Sudah maklum bahwa setiap umat Islam percaya bahwa syariat Islam memiliki tujuan yang positif bagi kehidupan manusia di dunia, seperti tercapainya keadilan, ketenteraman, dan kemajuan. Namun ternyata sebagian dari mereka berpikir bahwa penerapan dari syariat secara harfiah tidak dibutuhkan. Mereka mengatakan yang penting tujuannya tercapai. Misalnya, hukuman penjara untuk pencuri itu sudah cukup, tidak perlu dipotong tangannya, karena potong tangan itu tujuannya agar menimbulkan efek jera. Kalau dengan penjara para pencuri sudah jera, maka itu sudah cukup. Apakah pikiran seperti itu bisa dibenarkan?

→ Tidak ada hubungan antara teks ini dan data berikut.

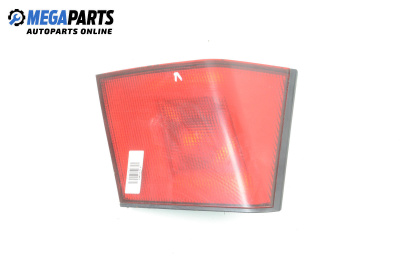 Inner tail light for Mitsubishi Carisma Hatchback (07.1995 - 06.2006), hatchback, position: left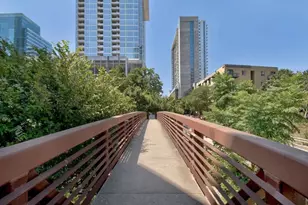 13344 Tamayo Dr, Austin, TX 78729 - Photo 32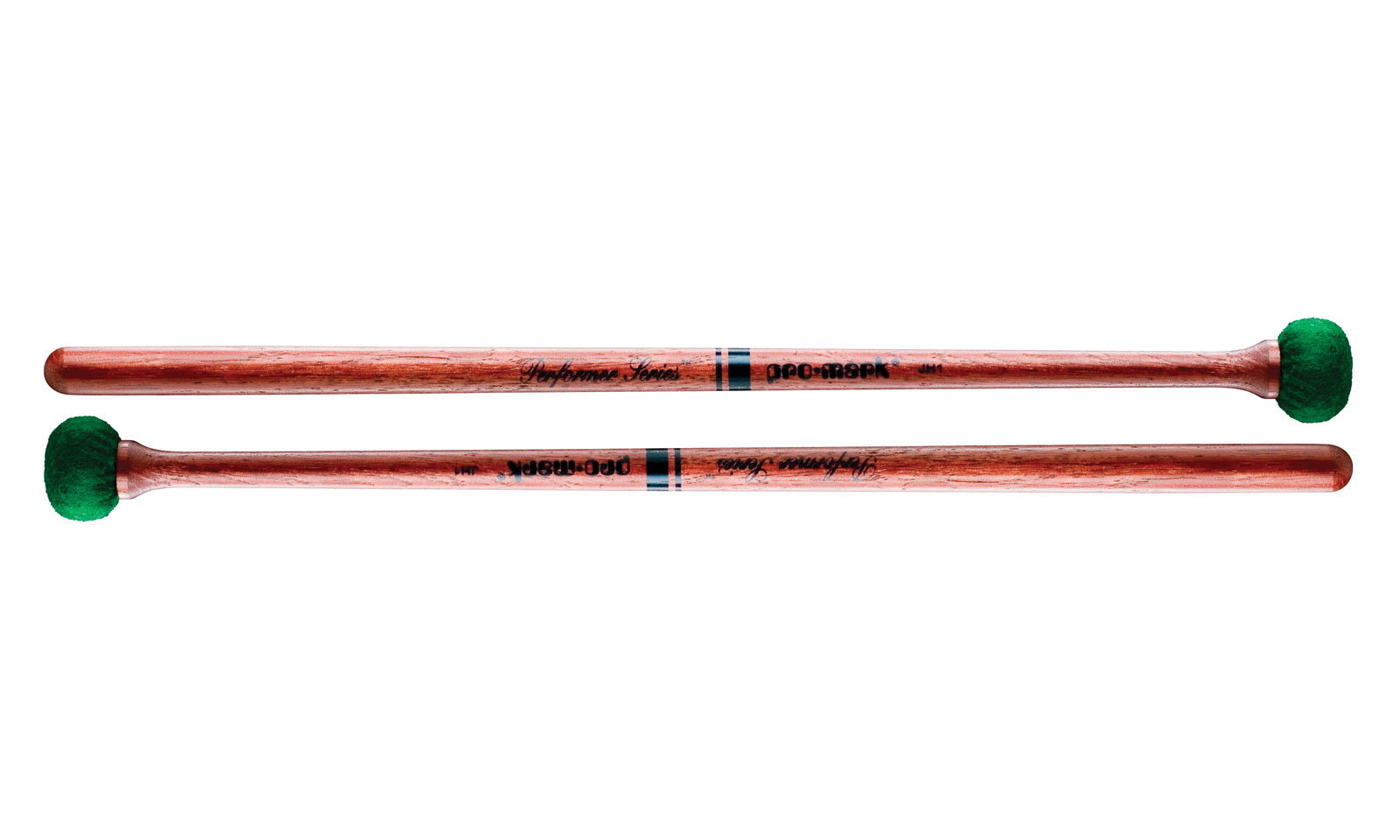 PRO MARK JH1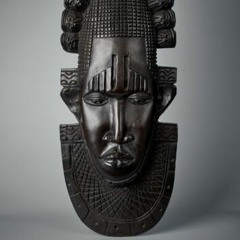 Original Pranksta - Acid In The Congo (sample)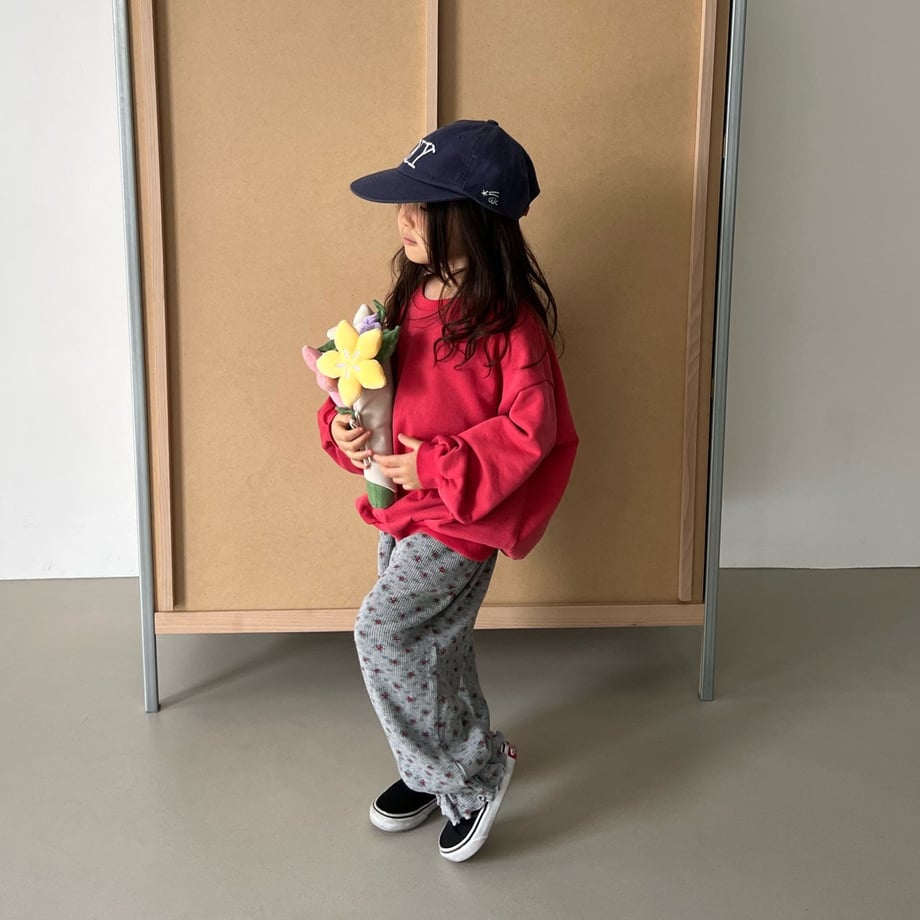 6a6e8dbcc4153f00019d9edb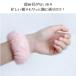 Apple Watch �A�b�v���E�H�b�` �o���h �V���V�� series 11 10 9 42mm 45mm 46mm 41 44 mm ���킢�� ���f�B�[�X SE 8 �x���g ������� �� �V���[�Y ���� �؍� ins �֘A�摜2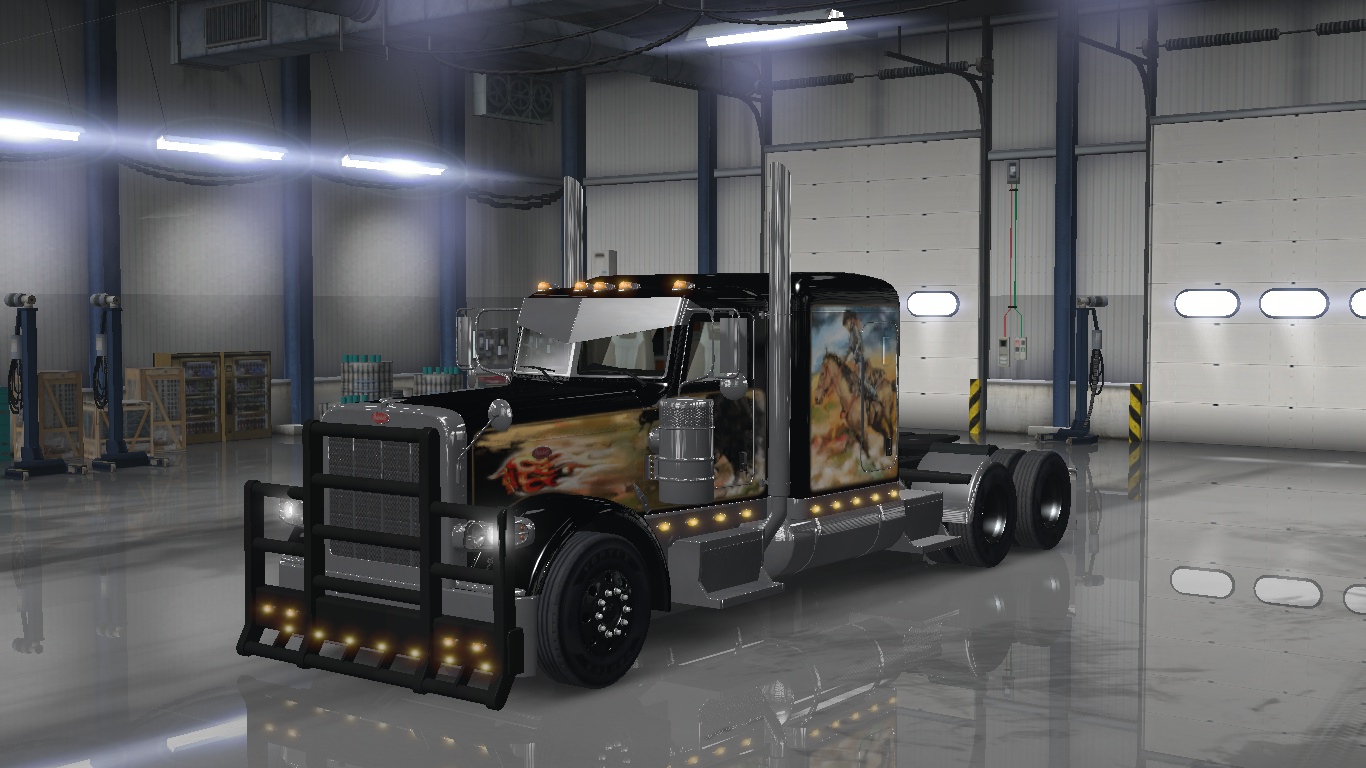 Image by masonburch8322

Pemikiran seperti itu sangat berbahaya dan hanya menunjukkan pemahaman yang tidak lengkap terhadap syariat Islam. Sebab arah dari pemikiran tersebut adalah deaktifasi syariat (ta‘thilusy-syari‘ah), sehingga pada akhirnya orang akan berpikir bahwa tak ada satupun syariat Islam yang perlu diterapkan, sebab tujuannya sudah dianggap bisa dicapai dengan tanpa penerapan secara harfiah terhadap perantara (wasilah) yang direkomendasikan syariat.

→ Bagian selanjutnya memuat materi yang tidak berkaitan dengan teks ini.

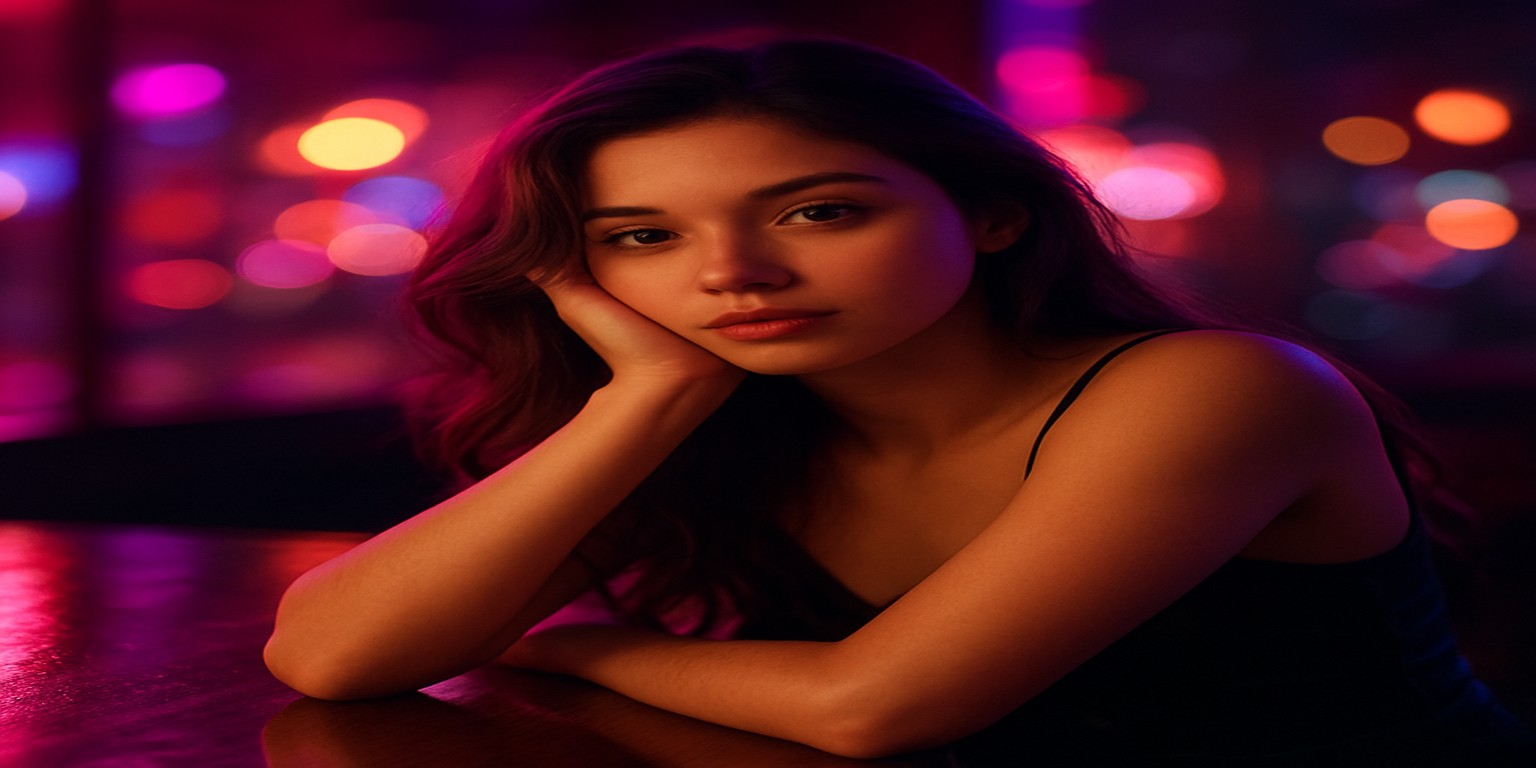 adda7 লগইন সুরক্ষা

Misalnya, dalam al-Quran diterangkan bahwa tujuan shalat adalah untuk mengingat Allah, atau dalam ayat yang lain tujuannya adalah untuk mencegah dari perbuatan keji dan mungkar. Jika ide tadi diterapkan pada aspek ini, maka hasilnya adalah bahwa shalat sudah tidak perlu dilakukan jika mengingat Allah dan mencegah dari perbuatan keji dan mungkar bisa dicapai tanpa shalat, atau bisa dicapai dengan perantara lain selain shalat.
Kiaskanlah hal ini pada ajaran syariat yang lain, baik dalam ibadah maupun muamalah, karena memang sudah banyak orang Islam yang melontarkan ide sesat seperti itu. Misalnya, zakat tidak perlu diterapkan di Indonesia karena umat Islam Indonesia sudah diwajibkan membayar pajak. Sistem 2:1 dalam pembagian warisan untuk anak laki-laki dan perempuan tidak perlu diterapkan di Indonesia mengingat kultur dan konteks yang berbeda antara Arab dan Indonesia.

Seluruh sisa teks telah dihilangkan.